И у Даувкотов были связи, и Кориолан возобновил знакомства с несколькими старыми друзьями (настоящими) его отца, и теперь, с учетом безумной популярности Люси Грей в городе, он мог рассчитывать, что дело Кови могу пересмотреть еще в течение года.
Конечно, это означало бы, что Люси Грей уехала бы в Капитолий раньше, чем Кориолан закончил бы свой обязательный срок службы в Двенадцатом, и потом бы его перевели во Второй или Первый, но они могли бы переписываться и созваниваться, и он ездил бы к ней в отпуск...
И еще следовало учитывать вариант, что он действительно мог получить назначение в адъютанты президента... Но этот вариант пока не стоило рассматривать слишком предметно, Кориолан не стал полагаться на Страбона Плинта, когда он подал ему идею, а срочно навестил пару старых друзей отца и подкинул идею уже им.
У Кориолана были большие планы на их общее будущее с Люси Грей.
И в этих планах ключевым было одно: уверенность, что Люси Грей победит.
И он думал, что когда Люси Грей победит, он будет светится от счастья, он от радости напьется, он будет стрелять в воздух...
И Люси Грей победила.
И он чувствовал странную пустоту.
Последние четыре дня для него прошли как в каком-то лихорадочном сне, как бред, который был у него, когда он болел лебединым гриппом. Все казалось нереальным, но при этом жутко реальным.
То, что случилось на арене. Мальчишка Боббин.
Потом второй день Игр, когда Джессуп едва не убил Люси Грей.
Кориолан не помнил, что он чувствовал, когда увидел, как она бежит на арену, как отчаянно пытается убежать, и он не понимал, что происходит, и не мог ничего сделать, мог только бессильно смотреть и шептать в пустоту «пожалуйста... пожалуйста...» Он видел, как полетели дроны, как полетели бутылки с водой, понял, что Клеменсия не сидит на месте, она действует, она единственная могла хоть чем-то помочь Люси Грей, в то время как он мог только сидеть и шептать «пожалуйста». Казалось, что он будто потерял разум, от этого ощущения собственного бессилия, от полного отсутствия контроля над ситуацией, потому что он даже не понял, что вдруг оказался в коридоре Академии, и Тигрис тащила его за руку, и когда они сели в машину, Тигрис строго сказала, что ему не следует при чужих людях.
Что она все поняла, и, если его снова увидят, поймут и другие.
Поймут они.
Галл и Хайботтом. Повитуха и Взяточник. Так он называл их, в начале, когда только приехал, когда еще легкомысленно не понимал глубину их злобы и силу их могущества. Ненормальная женщина и потасканный наркоман, смешные и нелепые создания, Повитуха и Взяточник.
Нет.
Чудовища, затаившиеся в темноте и ищущие, кого пожрать.

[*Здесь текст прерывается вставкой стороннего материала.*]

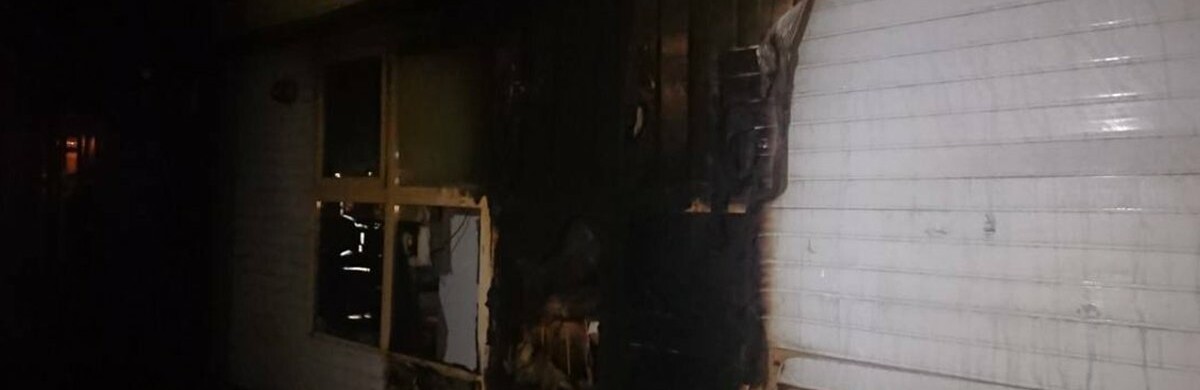 ����: 5692.com.ua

После этого Кориолан запретил себе смотреть Игры. Он не мог ничего сделать, не мог ничем помочь, и только рисковал раскрыться перед ними.
В первый день было легче, потому что он не видел ее. Он не видел, как она бежит от смерти, и он ничего не может сделать, чтобы спасти ее. Это бессилие сводило с ума. Он словно выпадал из реальности. Он не мог себе этого позволить снова.

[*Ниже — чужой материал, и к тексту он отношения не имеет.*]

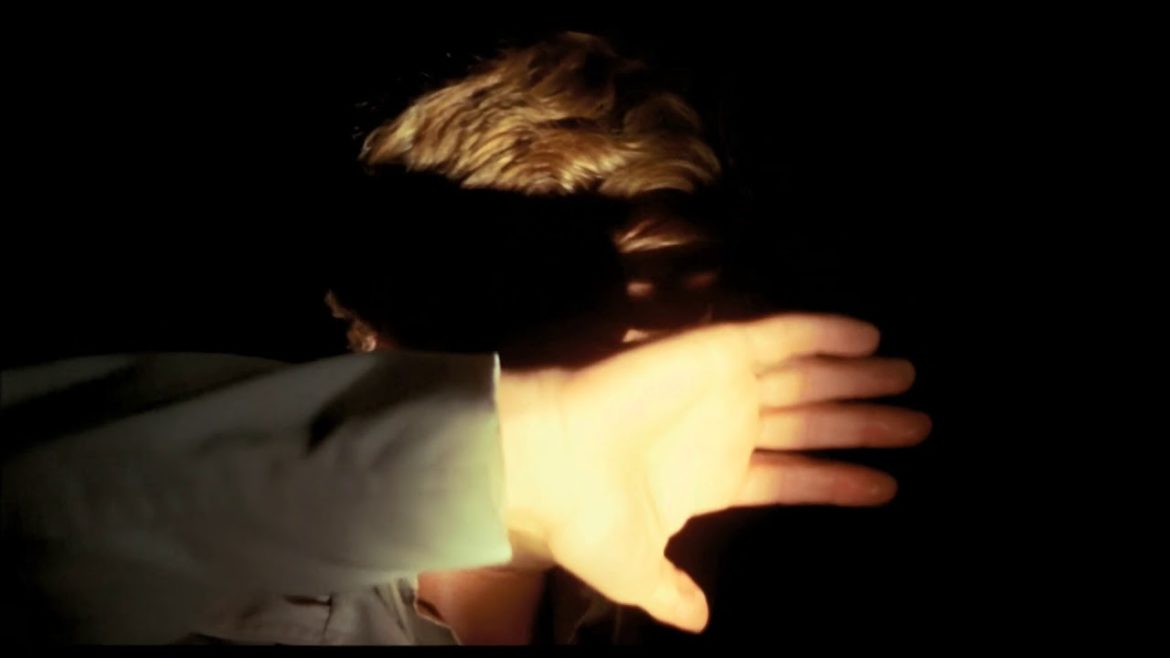 The Mountain Goats - Design Your Own Container Garden [Live]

Поэтому следующие дни он передвигался по городу, навещая старых знакомых, делая визиты важным и влиятельным людям, наводил контакты, занимался денежными делами – и прислушивался к новостям. К новостям, в которых почти не было Люси Грей, к его огромному облегчению. Говорили о Рипере, который надругался над флагом, и теперь его ментор отказывался отправлять ему подарки. О смерти девочки из Седьмого, той, которая добила Марка. О смерти Воуви. Но почти ничего про Люси Грей, но даже это не приносило облегчения, только новый страх – цела ли она там, в туннелях? Не убили ли ее прямо там? Сидит ли она в той комнате, которую он ей выбрал, или теперь, после истории с Джессупом, вынуждена искать другое укрытие.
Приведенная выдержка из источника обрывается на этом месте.